[Collected data entries]
────────────────────

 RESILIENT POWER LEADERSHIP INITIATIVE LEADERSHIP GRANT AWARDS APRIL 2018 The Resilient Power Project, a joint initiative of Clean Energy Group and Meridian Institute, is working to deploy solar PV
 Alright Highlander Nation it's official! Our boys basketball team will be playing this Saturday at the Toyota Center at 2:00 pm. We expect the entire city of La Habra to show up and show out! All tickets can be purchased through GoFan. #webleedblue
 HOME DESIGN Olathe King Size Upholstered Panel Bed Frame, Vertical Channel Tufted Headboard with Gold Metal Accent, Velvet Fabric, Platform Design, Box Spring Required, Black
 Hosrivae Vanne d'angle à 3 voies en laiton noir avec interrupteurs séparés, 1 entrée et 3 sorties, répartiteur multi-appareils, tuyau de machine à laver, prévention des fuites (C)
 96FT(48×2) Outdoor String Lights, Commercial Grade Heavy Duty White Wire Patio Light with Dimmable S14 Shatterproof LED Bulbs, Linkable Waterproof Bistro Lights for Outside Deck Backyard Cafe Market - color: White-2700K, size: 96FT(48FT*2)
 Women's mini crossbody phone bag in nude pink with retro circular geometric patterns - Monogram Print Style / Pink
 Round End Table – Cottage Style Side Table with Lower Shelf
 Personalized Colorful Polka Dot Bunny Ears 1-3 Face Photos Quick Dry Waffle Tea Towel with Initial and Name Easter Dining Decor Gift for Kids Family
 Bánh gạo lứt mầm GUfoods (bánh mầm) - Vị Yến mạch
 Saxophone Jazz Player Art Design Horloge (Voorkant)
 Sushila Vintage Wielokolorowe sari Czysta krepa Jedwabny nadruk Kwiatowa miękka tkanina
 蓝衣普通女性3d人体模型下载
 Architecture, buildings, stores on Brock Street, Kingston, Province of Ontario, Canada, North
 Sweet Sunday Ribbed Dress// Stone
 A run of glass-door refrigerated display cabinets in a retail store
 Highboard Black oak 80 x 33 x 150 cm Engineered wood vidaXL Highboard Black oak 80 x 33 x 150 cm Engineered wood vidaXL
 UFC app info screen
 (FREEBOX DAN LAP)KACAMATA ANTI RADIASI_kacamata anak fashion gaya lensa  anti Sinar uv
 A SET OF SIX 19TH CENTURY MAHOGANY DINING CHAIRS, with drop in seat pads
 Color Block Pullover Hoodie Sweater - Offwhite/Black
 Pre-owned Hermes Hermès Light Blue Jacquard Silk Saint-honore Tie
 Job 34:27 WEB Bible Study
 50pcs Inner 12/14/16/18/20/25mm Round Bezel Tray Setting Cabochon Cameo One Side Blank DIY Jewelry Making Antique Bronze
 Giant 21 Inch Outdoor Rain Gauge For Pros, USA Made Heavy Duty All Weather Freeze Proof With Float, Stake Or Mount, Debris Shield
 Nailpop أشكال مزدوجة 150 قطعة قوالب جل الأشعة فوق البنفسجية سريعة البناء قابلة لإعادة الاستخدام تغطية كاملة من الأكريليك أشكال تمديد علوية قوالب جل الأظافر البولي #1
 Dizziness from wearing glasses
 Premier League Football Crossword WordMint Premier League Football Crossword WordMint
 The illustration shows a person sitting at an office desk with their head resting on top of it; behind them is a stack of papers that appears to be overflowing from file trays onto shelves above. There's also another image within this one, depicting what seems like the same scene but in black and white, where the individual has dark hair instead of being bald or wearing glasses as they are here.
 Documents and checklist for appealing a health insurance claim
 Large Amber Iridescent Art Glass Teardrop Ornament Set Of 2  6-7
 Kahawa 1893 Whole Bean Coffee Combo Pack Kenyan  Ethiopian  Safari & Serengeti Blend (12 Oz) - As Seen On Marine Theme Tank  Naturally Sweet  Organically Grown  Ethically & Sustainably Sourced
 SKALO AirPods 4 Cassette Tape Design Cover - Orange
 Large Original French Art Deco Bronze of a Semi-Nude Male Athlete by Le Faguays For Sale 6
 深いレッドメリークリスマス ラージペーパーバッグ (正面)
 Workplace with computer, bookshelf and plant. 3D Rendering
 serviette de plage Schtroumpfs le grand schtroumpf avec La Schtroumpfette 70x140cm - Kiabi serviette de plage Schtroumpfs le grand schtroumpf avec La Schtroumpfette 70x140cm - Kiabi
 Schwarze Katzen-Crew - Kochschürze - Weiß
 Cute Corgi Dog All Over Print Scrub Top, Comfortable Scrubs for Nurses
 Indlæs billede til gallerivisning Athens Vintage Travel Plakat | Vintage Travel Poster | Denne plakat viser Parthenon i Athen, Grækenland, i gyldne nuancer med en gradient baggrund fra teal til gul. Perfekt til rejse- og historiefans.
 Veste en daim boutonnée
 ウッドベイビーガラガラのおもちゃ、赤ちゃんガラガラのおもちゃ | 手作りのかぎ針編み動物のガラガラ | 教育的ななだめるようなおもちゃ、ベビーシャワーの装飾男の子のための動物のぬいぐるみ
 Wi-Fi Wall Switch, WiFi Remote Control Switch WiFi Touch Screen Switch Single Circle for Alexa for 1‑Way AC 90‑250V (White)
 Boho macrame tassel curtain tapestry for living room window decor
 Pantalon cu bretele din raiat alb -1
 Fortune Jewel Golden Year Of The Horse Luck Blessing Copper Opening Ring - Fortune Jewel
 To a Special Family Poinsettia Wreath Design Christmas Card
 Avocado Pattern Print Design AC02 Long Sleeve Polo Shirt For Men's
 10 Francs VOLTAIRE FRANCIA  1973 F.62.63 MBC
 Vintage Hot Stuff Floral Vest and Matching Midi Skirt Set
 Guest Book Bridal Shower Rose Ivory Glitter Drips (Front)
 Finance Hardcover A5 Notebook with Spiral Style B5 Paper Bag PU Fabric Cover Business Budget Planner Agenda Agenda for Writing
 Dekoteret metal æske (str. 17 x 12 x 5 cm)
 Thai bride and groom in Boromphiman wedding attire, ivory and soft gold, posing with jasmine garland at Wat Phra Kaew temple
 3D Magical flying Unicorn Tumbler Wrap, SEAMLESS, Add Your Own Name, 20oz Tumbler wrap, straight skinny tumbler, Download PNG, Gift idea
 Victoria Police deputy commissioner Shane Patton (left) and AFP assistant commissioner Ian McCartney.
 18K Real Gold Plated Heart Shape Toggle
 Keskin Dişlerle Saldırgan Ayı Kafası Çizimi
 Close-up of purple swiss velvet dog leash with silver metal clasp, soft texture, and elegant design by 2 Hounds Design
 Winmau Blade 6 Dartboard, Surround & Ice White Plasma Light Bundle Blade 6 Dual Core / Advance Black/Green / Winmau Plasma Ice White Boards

────────────────────

A word-for-word copy of the lines above from the one with "Documents and checklist" through the one with "- Kiabi serviette", inclusive, is the only output wanted.

▸ Task response:
 Documents and checklist for appealing a health insurance claim
 Large Amber Iridescent Art Glass Teardrop Ornament Set Of 2  6-7
 Kahawa 1893 Whole Bean Coffee Combo Pack Kenyan  Ethiopian  Safari & Serengeti Blend (12 Oz) - As Seen On Marine Theme Tank  Naturally Sweet  Organically Grown  Ethically & Sustainably Sourced
 SKALO AirPods 4 Cassette Tape Design Cover - Orange
 Large Original French Art Deco Bronze of a Semi-Nude Male Athlete by Le Faguays For Sale 6
 深いレッドメリークリスマス ラージペーパーバッグ (正面)
 Workplace with computer, bookshelf and plant. 3D Rendering
 serviette de plage Schtroumpfs le grand schtroumpf avec La Schtroumpfette 70x140cm - Kiabi serviette de plage Schtroumpfs le grand schtroumpf avec La Schtroumpfette 70x140cm - Kiabi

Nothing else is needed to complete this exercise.